Me neither... Alec Baldwin


----------



## Tim Stamper (May 22, 2002)

I only raced once or twice on Sundays last year and only finished one half of a points race. I remember at least twice last year, I TQ'd by more than 2 laps and didn't run the main because of grumbles in the pits.

I primarily raced on Friday at your place last year. You ran the races on Sunday, Nick and John ran it on Friday. I don't care about any of this anyways. Maybe the rcscrewz track that is 5 minutes from my house and Toledo where it is a real fight to get into the A will better suit my needs. The other think, and the only thing, that bothered me is that the carpet is glued down there and it makes for a totally different feeling track than anywhere else. It makes it interesting to practice there and then go to a big race and the car has to be completely changed due to a lack of traction. Most of the time my car was too aggressive for Larry's carpet and the extreme stickiness to it.

Tim


----------



## RAFster (May 29, 2002)

What kind of carpet are they laying at Larry's? Ozite or the FanFare?
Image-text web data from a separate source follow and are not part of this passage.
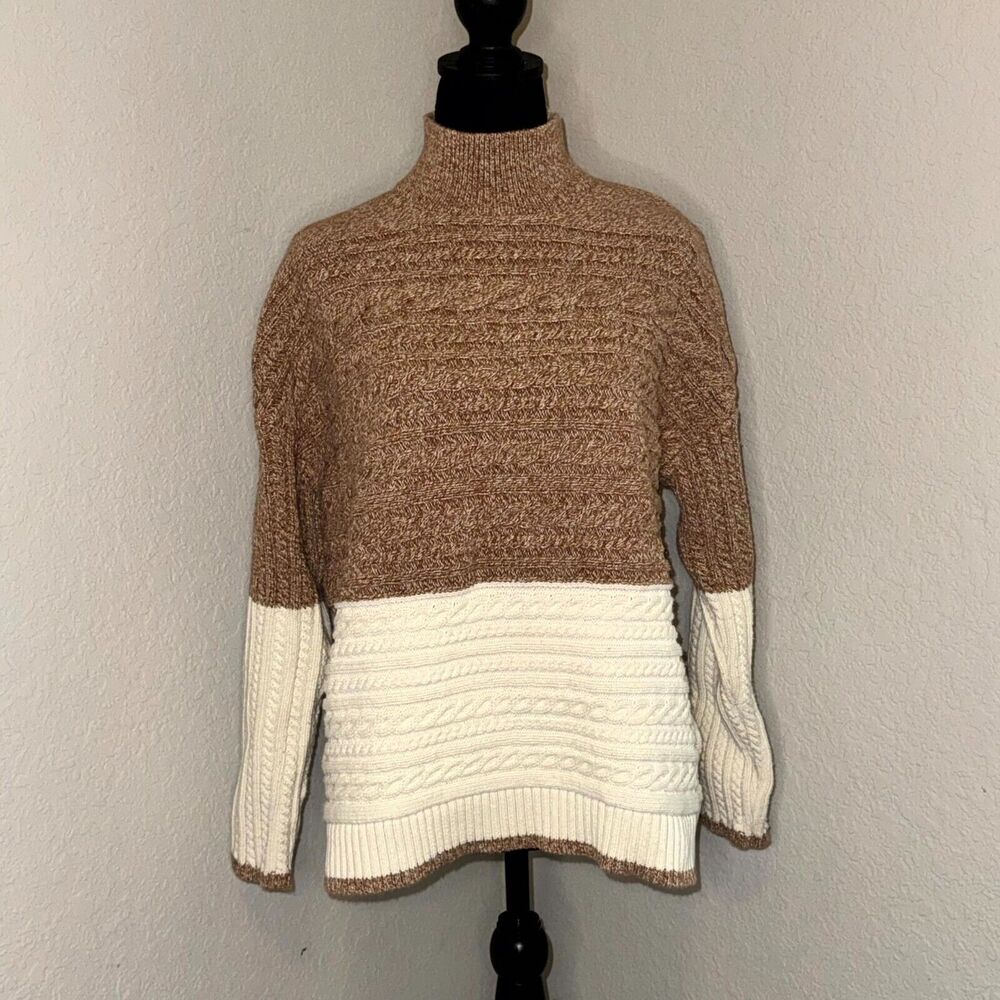 Talbots Cable Knit Sweater Women's XL Brown Cotton Marl Block Mock Neck Pullover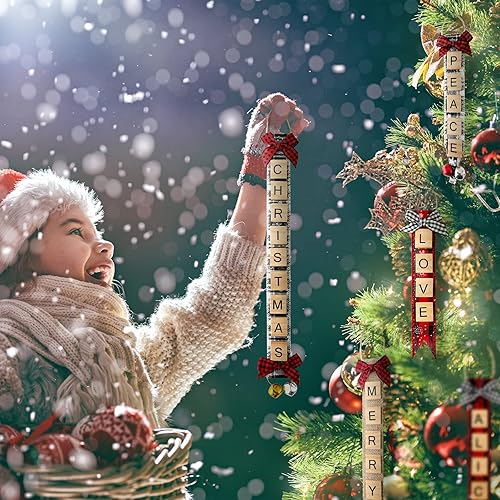 Miniatura 4 de DIY Letter Christmas Tree Decorations Letter Tiles Christmas Decor Wooden Words Christmas Ornament with Linen Bells Bow Hanging Capital Letter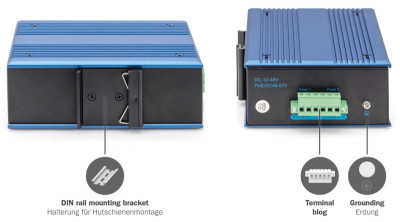 DIGITUS Switch industriel Gigabit Ethernet, 4+2 ports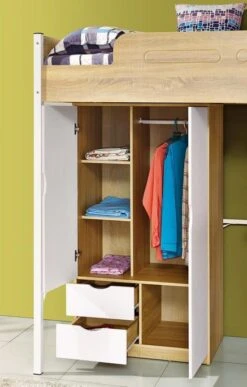 Lit Combiné 90x190 Cm Bois Clair Et Blanc Millane -Lexibook Magasin lit combine 90x190 cm bois clair et blanc emilie 3248113123446 661941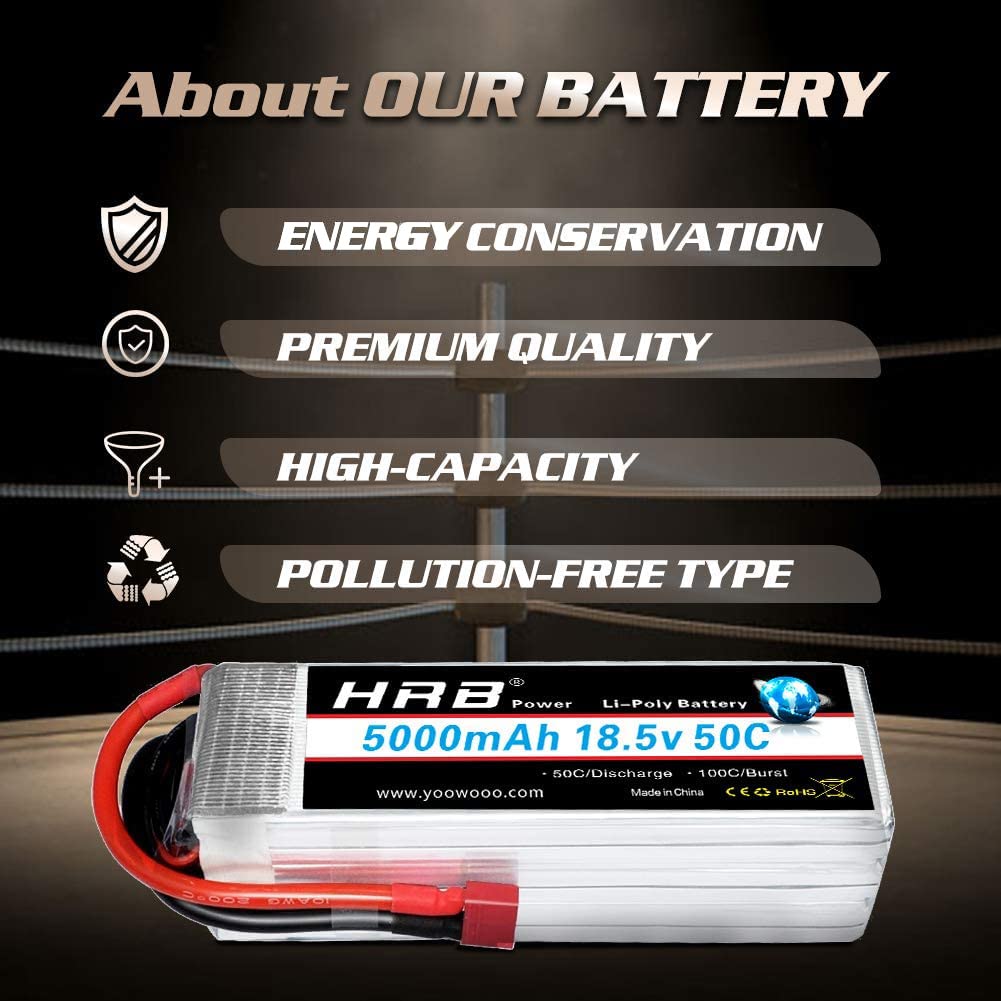 HRB Lipo akumulator 5S 5000 mAh 18,5 V 50C do samochodu RC ciężarówki RC Truggy RC samolotu RC Dron DIY Hobby (Dean T) LIPO AKKU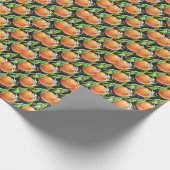 Waterverf Sinaasappels: Citrus naadloos patroon Cadeaupapier (Hoek)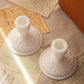 Vintage Imperial Glass Doe Skin Milk Glass Floral Candleholders (Set of 2)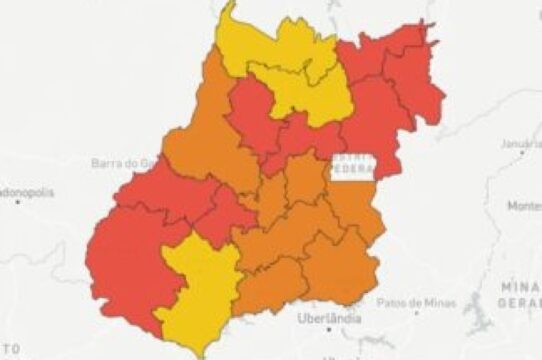 Novo mapa de calor de Goiás aponta melhora dos índices da pandemia em quatro regiões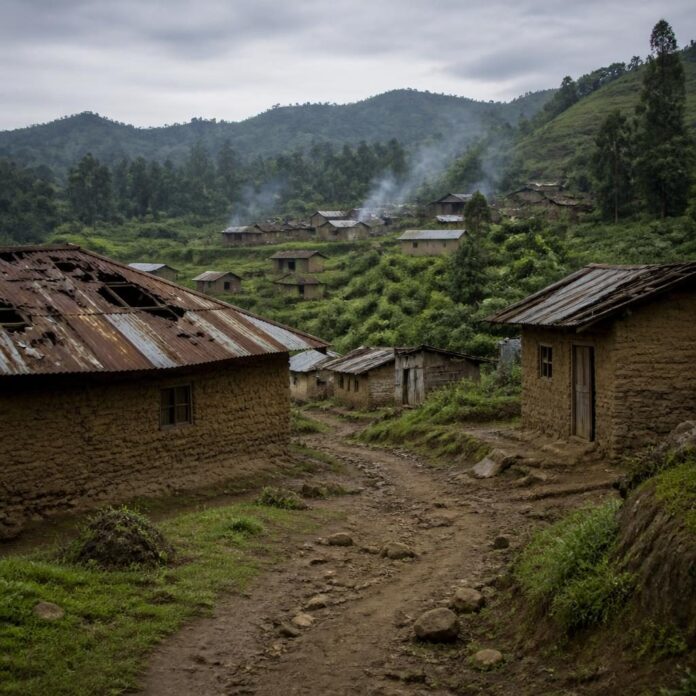 Village rural de Vyanze, dans le territoire de Lubero, avec des collines et des habitations en matériaux locaux, sous un ciel nuageux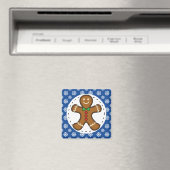 Aimant Gingerbread Man on Blue White Snowflakes (In Situ (Lave-vaisselle))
Columbus is getting a carpet track and hobby shop on the East side off of I70 
and Brice Road (first exit east on I70 outside the I270 outer belt).
They are awaiting approval from the city of Columbus for the shop and track. 
Everyone in Columbus is eager for it to be there.


----------



## A.Hartzell (Jun 12, 2003)

I believe he ordered the carpet from CRC. They are the only distributor for the grey stuff.


----------



## BIGG-K (Sep 2, 2002)

Dennis you know I,ll be there on most Sundays. I hope enough 18 scale racers come out so we can have some real fun. And one more thing. A Monte Carlo SS gets you to the track safe and fast. And it can hold all my gear, and sometimes Mac or Daves gear too.


----------



## Dabear95 (Mar 1, 2004)

Any ideas for tires on the new carpet? I think most used Plaid/Purple before or somewhere close.


----------



## A.Hartzell (Jun 12, 2003)

Same tires should work. I think that the new paragon Traction Action will be the sauce to have though.


----------



## C5R-Racing (Sep 2, 2004)

well I hope rubber tires make a comeback. my real ride 2004 300 h.p. ss Impala


----------



## Greg Anthony (Sep 10, 2002)

C5R-Racing said:


> well I hope rubber tires make a comeback. my real ride 2004 300 h.p. ss Impala


Chris,

e-mail me..... [email protected]


----------



## Dabear95 (Mar 1, 2004)

I think rubber tires would be great, seems like it would cut down on the cost for everyone!


----------



## Motor City Hamilton (Feb 5, 2002)

I'm not sure I agree with that. I spent way more on tires when we ran rubber, trying different tires, rim widths, inserts, etc. It cost me way more to be competitive. With foams, at least you know that Plaid fronts and Purple rears will make you competitive. Just tune the car from there. If you are chunking foam tires, there are things that can be done to help eliminate that. First, cut the tire down some. I know that seems like a waste of money, but just think of it as if the factory put too much on in the first place. Second, flair your front fenders out so that it can glance off the tire rather than sink into it like a razor blade. Third, run a foam front bumber. Fourth, I always put a bead of super glue around the side of the rim where it meets the foam so that the side bite doesn't pull the foam from the rim.


----------



## A.Hartzell (Jun 12, 2003)

> I think rubber tires would be great, seems like it would cut down on the cost for everyone!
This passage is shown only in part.